Task instructions => The entries below contain a line with "Lubelskie: 24-latka próbowała" and a line with "Amino Acids: Essential". Retype exactly everything from the first down to the second, both included, and nothing else.

Exercise materials =>
○ ○ ○

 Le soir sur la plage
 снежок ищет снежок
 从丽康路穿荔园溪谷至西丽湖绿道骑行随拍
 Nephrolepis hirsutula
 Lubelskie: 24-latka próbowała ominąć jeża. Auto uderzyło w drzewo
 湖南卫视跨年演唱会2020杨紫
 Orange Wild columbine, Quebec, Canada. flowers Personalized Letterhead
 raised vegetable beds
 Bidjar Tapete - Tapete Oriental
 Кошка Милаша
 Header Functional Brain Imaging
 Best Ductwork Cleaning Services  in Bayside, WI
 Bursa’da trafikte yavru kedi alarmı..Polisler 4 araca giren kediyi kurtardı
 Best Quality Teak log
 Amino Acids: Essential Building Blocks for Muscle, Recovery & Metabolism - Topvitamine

○ ○ ○

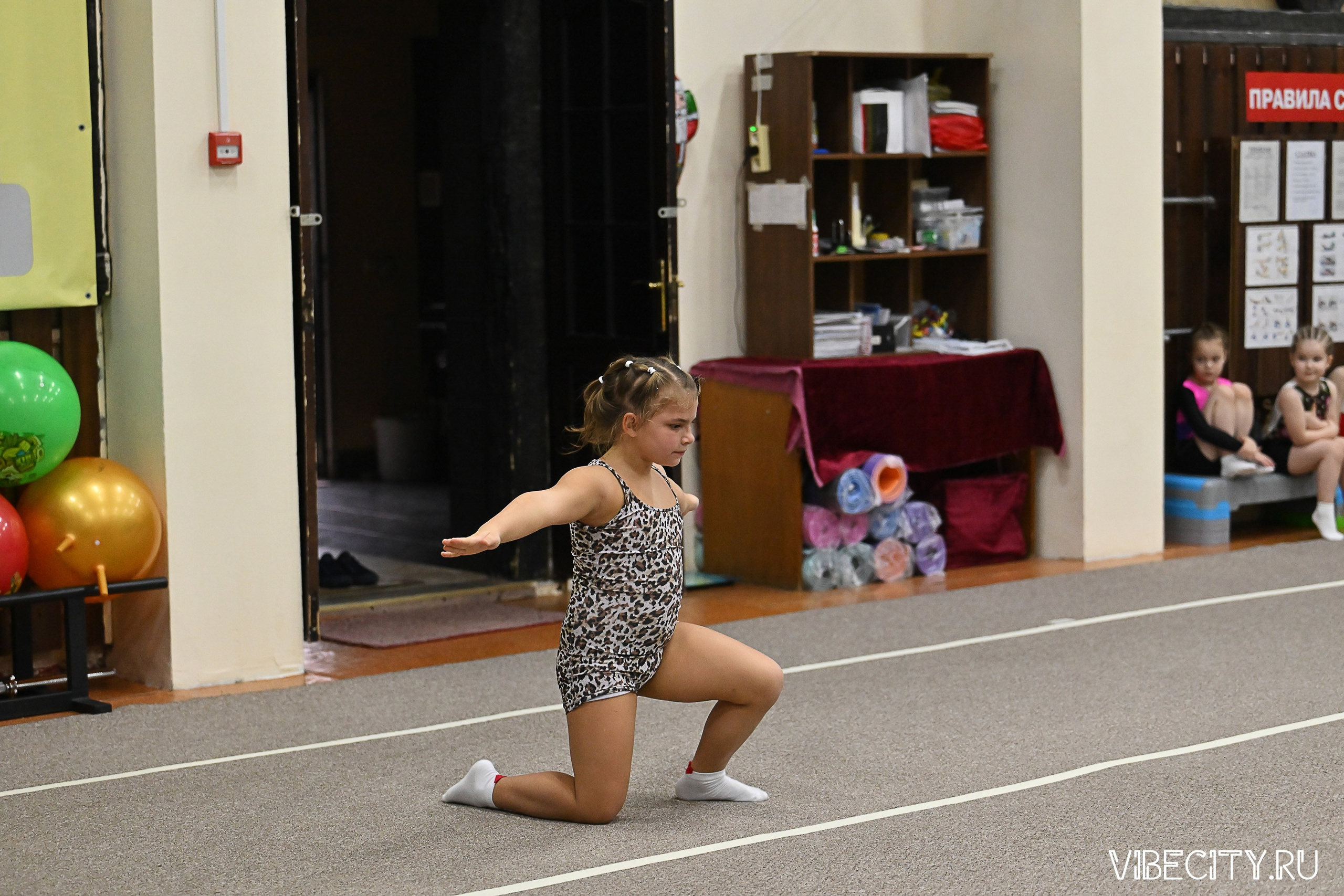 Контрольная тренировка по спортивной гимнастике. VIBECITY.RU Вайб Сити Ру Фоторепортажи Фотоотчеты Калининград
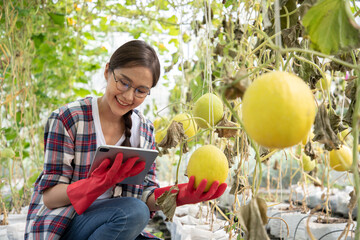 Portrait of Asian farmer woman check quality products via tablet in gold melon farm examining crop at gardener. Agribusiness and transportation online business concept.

○ ○ ○

Reply to the exercise =>
 Lubelskie: 24-latka próbowała ominąć jeża. Auto uderzyło w drzewo
 湖南卫视跨年演唱会2020杨紫
 Orange Wild columbine, Quebec, Canada. flowers Personalized Letterhead
 raised vegetable beds
 Bidjar Tapete - Tapete Oriental
 Кошка Милаша
 Header Functional Brain Imaging
 Best Ductwork Cleaning Services  in Bayside, WI
 Bursa’da trafikte yavru kedi alarmı..Polisler 4 araca giren kediyi kurtardı
 Best Quality Teak log
 Amino Acids: Essential Building Blocks for Muscle, Recovery & Metabolism - Topvitamine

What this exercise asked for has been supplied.